Fiery French chef Georges Perrier is on a crusade to keep his 40-year-old landmark restaurant, Le Bec-Fin in Philadelphia, relevant. Times have changed and the culinary world is full of new stars and shifting tastes. Perrier’s contemporaries – at Lutece, La Cote Basque, L’Orangerie – are gone and he is the last man standing of his generation. But how long can he reign?

Featuring colorful interviews with chefs Daniel Boulud, Thomas Keller, Eric Ripert and former Mayor of Philadelphia Ed Rendell, first-time director Erika Frankel follows Perrier over four years from Le Bec-Fin’s raging inferno of a kitchen to quiet moments at home, capturing an intimate glimpse of a world-renowned artist in the twilight of his career.

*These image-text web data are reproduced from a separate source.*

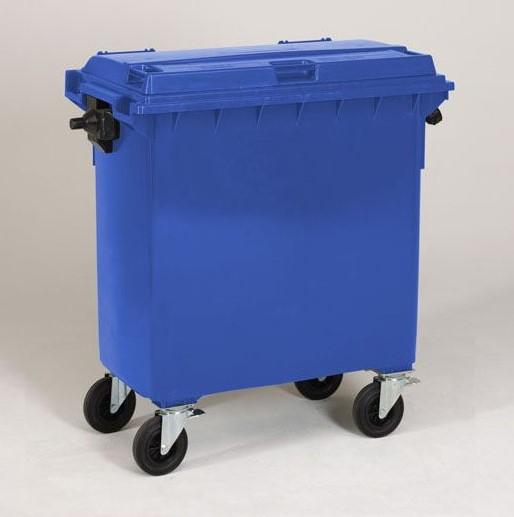 Conteneur poubelle standard - 4 roues - 770L jaune - plastique PE robuste - Rolléco_0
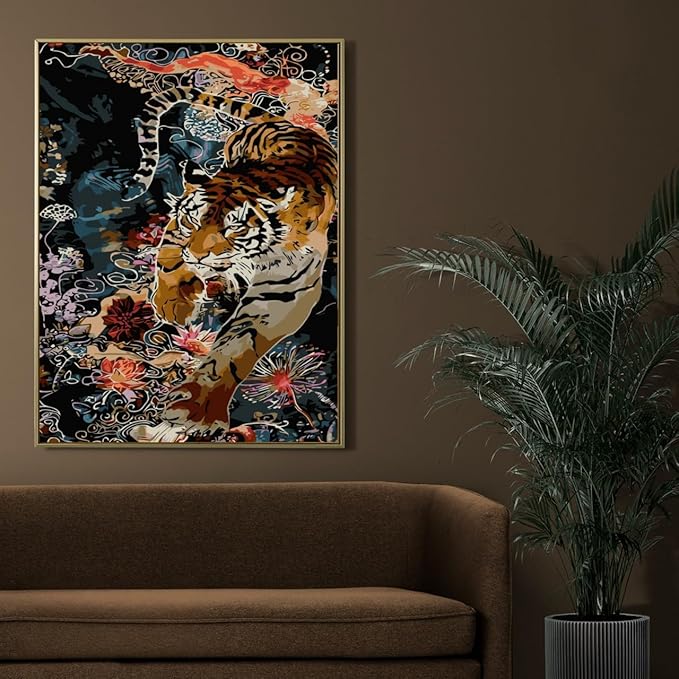 BYGFHLYW Paint by Numbers Kit for Adults Beginners, Animal Tiger Easy Adult Paint by Number Kits On Canvas, DIY Acrylic Oil Painting Kits for Home Wall Decor 12x16Inch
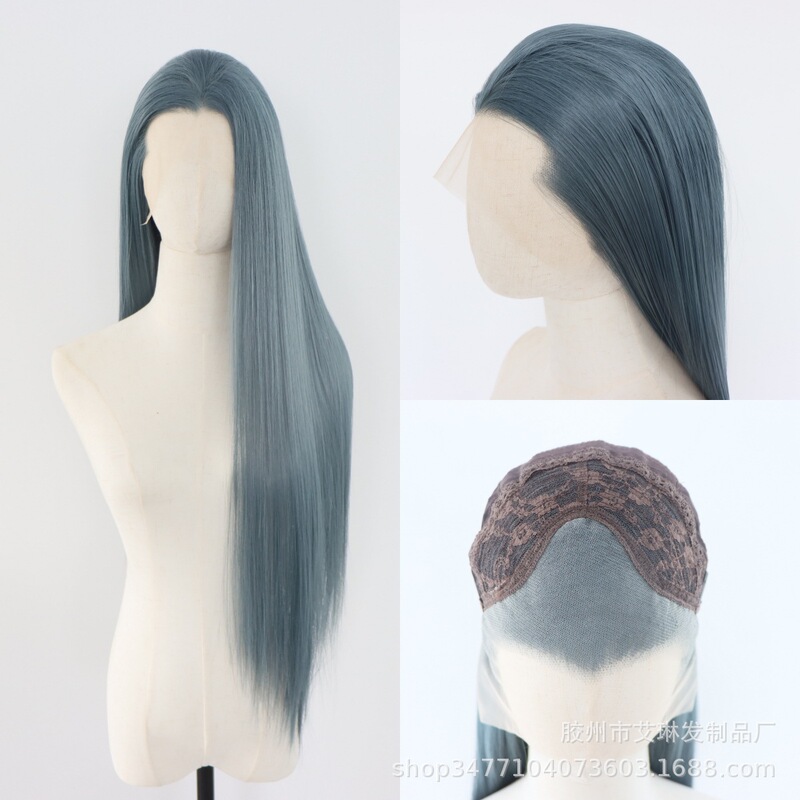 Hand-Crocheted Lace Front Wig for Women, Natural Gray Long Straight Hair with a Beauty Point, Matte High-Temperature Synthetic Fiber Wig Hand-Crocheted Lace Front Wig for Women, Natural Gray Long Straight Hair with a Beauty Point, Matte High-Temperature Synthetic Fiber Wig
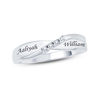 Thumbnail Image 1 of Couple's Diamond Accent Criss-Cross Ring in Sterling Silver (2 Names)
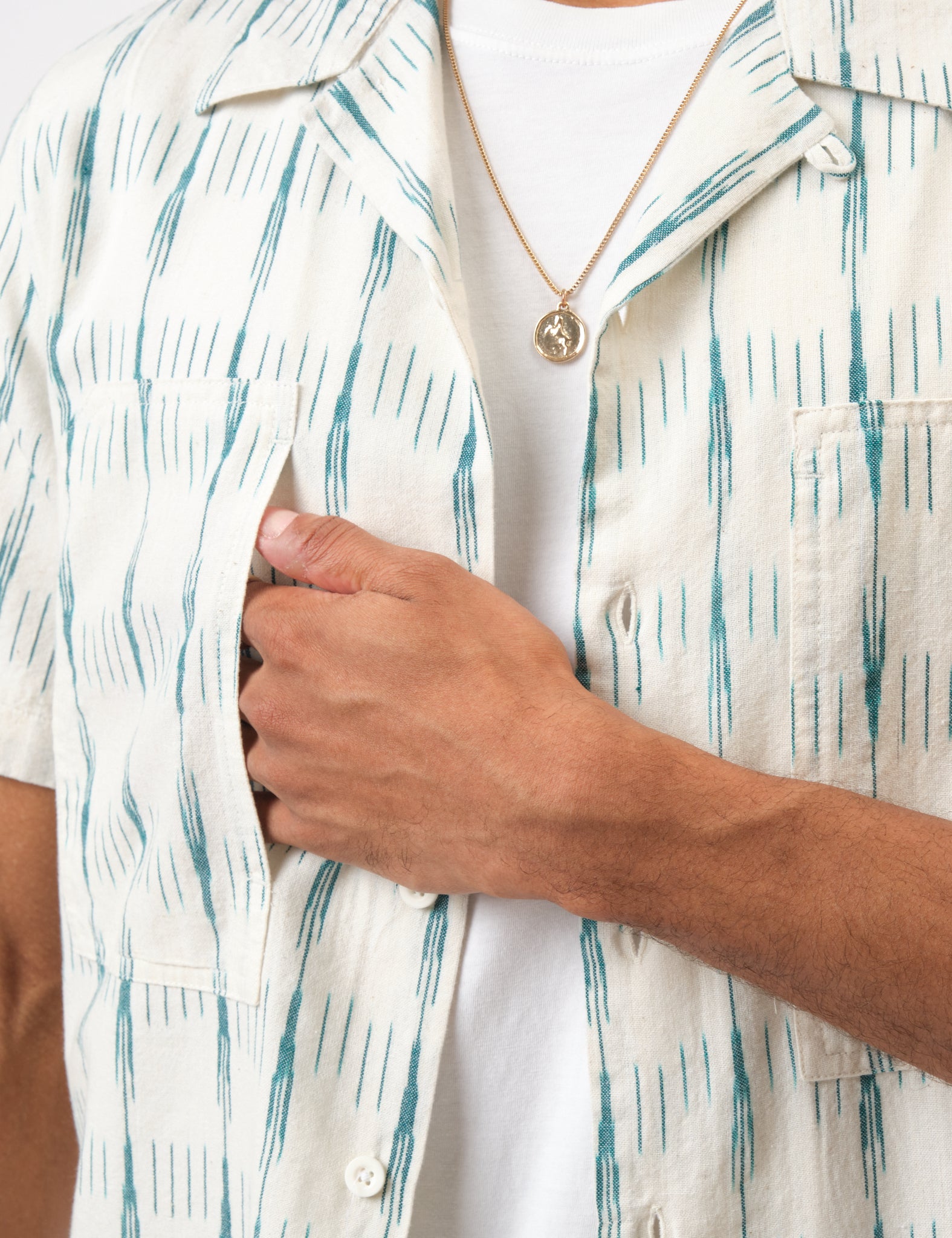 Bhode Ikat Short Sleeve Shirt (Hand Loom) - Ecru/Green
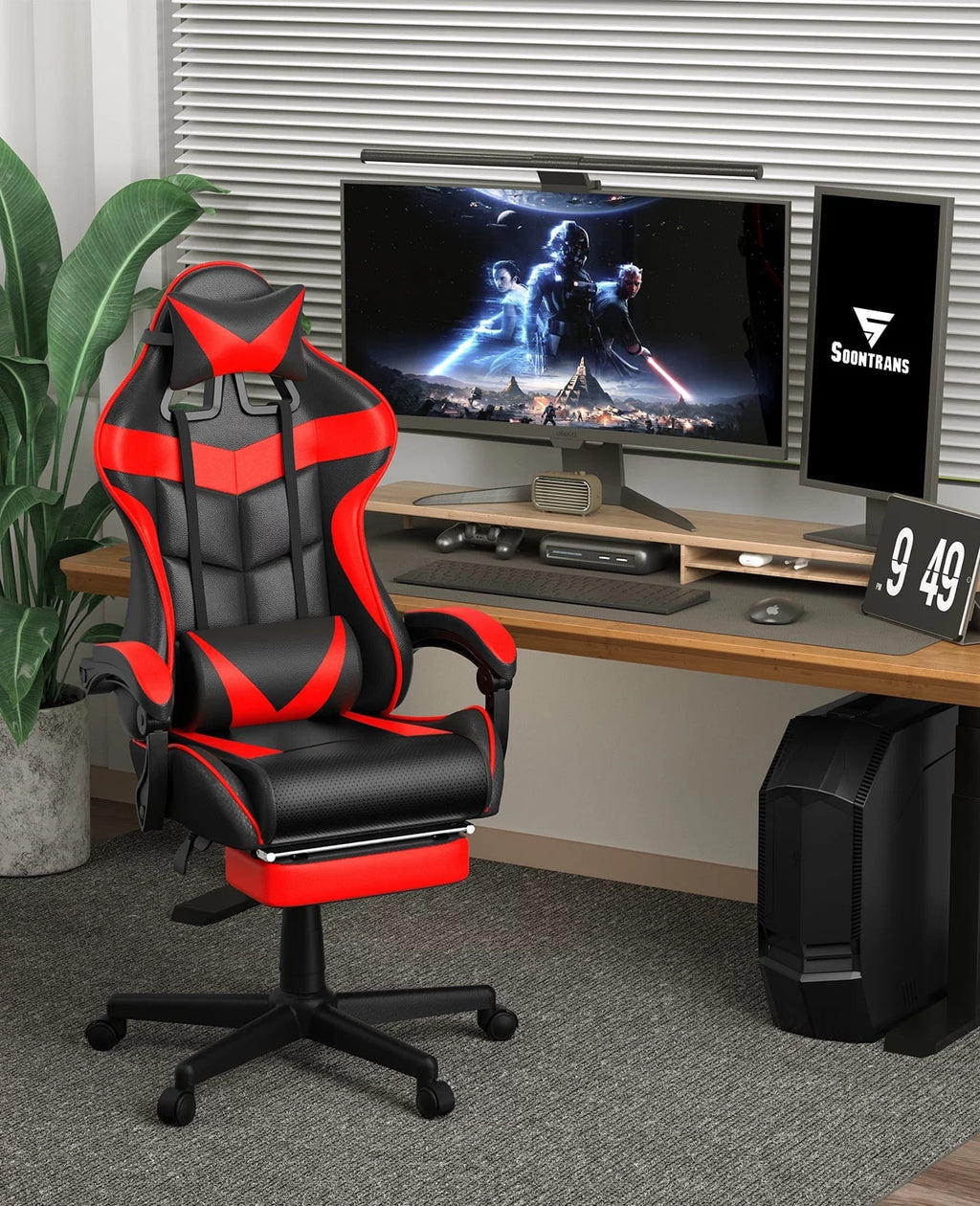 Red Ergonomic Gaming Office Chair with Footrest P672784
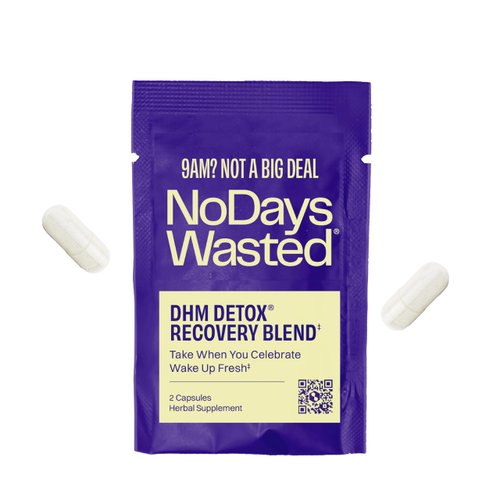 DHM Detox® - No Days Wasted® - New Look - Dihydromyricetin (DHM Supplement), Milk Thistle, Prickly Pear, B Vitamins, Hydration Electrolytes Blend-Take During Evening for Better Next Day and Recovery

Perrier introduced America to grand European-style dining in the 1960’s and he went on to become one of the most accomplished chefs of his generation, honored and praised by the French government, James Beard Foundation and The New York Times. His Napoleonic demeanor, thick French accent and penchant for screaming, throwing plates and de-corking champagne bottles with a sword helped to build his legend. But underneath his commanding presence, he struggles with the demands of a grueling profession. His life revolves around work and at age 67, the pressure to keep things functioning at the high level he set forty years ago, is “killing me,” he says.

He partners with young chef Nicholas Elmi (winner of Top Chef 2014), hoping to reinvigorate Le Bec-Fin, but Perrier struggles to let go, still insisting on washing the dishes every night after dinner service as the dishwashers stand around idle. More than a documentary about food, KING GEORGES is a touching story about passion, aging and art.